A l’image de l’homme
Editions Caractères 1975-1976
Des choix judicieux et éclairants …
Les anthologies de poésie font actuellement légion, mais admettons-le toutes n’ont pas le même attrait et la même vocation. Souvent thématiques et répondant le plus souvent à une ligne éditoriale bien définie, permettant de mettre en valeur des auteurs de tout bord, et c’est tant mieux, elles n’en demeurent pas moins éphémères, voire vite oubliées, maladroitement rangées dans les rayons des rares librairies qui les accueillent. De même que le choix des auteurs proposés s’avère souvent aléatoire et très ciblé, chaque éditeur ayant ses petites préférences littéraires, ce qui somme toute semble assez logique. Certes l’on retrouve certains d’entre eux dans de nombreuses publications avec une belle visibilité à force de patience et de temps. Mais leur nombre demeure fort limité, sorte de loterie implacable propre à générer des frustrations et des rancœurs chez » les oubliés de l’histoire littéraire », mais il est assez rare qu’une grande œuvre passe inaperçue.
Une poésie qui se veut bien vivante et au-delà des frontières !
Qui permet au lecteur de se faire une idée assez précise de la production poétique et littéraire d’une période donnée. Et c’est tout le mérite de cette anthologie où l’on côtoie inlassablement des poètes disparus, mais qui ont marqué leur temps, Antonin Artaud, Claude Aveline, jacques Bens, Luc Bérimont, Michel Butor, Jean Cassou, Georges Emmanuel Clancier, Juliette Darle, Pierre Emmanuel, Isidore Isou, Pierre-Jean Jouve, Jean Laugier, Joyce Mansour, Bernard Noel, Jean Rousselot, Raymond Queneau, et tant d’autres encore que nous ne nous lassons pas de lire ou relire ; et les vivants , Jacques Alyn, Jacques Ancet, Ben Vautier, Sylvestre, Clancier, Michel Deguy, , Jacques Jouet, Nelly Kaplan, Nohad Salameh,, Vénus Khoury- Ghata etc… Et puis bien sûr des poètes de tous les continents pour n’en citer que quelques-uns. Frederico Garcia Lorca, (Espagne), Edouard Glissant (Martinique), Vahé Godel, (Suisse), Ossip Mandelstam, (Russie), Edouard Maunick (Île Maurice), Paula Meehan, (Irlande), Czeslaw Milosz (Pologne), Géo Norge (Belgique), Erza Pound (Etats-Unis) Bejan Ratour (Turquie), Yannis Ritsos (Grèce) etc…
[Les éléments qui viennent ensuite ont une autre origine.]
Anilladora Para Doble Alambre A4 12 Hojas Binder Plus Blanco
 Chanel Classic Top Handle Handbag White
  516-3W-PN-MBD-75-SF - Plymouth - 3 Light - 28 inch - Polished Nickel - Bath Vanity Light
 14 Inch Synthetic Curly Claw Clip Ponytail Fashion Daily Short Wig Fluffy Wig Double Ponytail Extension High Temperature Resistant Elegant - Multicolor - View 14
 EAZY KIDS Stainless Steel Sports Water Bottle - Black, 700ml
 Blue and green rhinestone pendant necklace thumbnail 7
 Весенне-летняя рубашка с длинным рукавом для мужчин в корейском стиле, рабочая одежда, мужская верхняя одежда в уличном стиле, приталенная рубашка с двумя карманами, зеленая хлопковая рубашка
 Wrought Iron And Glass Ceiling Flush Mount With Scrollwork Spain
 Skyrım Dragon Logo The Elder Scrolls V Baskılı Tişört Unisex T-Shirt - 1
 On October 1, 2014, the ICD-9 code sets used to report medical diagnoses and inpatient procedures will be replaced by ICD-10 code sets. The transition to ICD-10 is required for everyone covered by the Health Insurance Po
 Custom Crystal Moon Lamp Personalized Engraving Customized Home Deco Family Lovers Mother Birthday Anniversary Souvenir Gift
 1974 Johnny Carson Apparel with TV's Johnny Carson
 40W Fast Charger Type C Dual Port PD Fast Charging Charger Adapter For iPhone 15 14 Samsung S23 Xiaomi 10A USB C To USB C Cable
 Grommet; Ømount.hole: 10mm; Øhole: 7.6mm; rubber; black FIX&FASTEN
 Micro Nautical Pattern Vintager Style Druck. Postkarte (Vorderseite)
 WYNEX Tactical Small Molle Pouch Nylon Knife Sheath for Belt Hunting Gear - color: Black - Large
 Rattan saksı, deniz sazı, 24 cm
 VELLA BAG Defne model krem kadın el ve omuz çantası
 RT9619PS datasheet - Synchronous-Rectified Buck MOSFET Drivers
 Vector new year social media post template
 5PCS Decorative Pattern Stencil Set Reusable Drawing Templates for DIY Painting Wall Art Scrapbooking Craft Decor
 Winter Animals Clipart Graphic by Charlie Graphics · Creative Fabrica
En clair une publication rare qui tombe à pic, dans une période désabusée, où chacun se regarde en chien de faïence, sans trop savoir quelle direction prendre faute de marqueurs probants - où les rapports humains apparaissent parfois disloqués, voire mortifères, où la parole et les mots ne semblent plus avoir de réelle importance -où l’on confond la fragilité du sable et du vent, avec la force du granit et du fer, multipliant les confusions du genre humain. La poésie s’affirme alors, comme le meilleur rempart de notre liberté. Merci à toi Nicole, et nous n’en attendions pas moins de toi, pour ce rappel pour le moins salutaire…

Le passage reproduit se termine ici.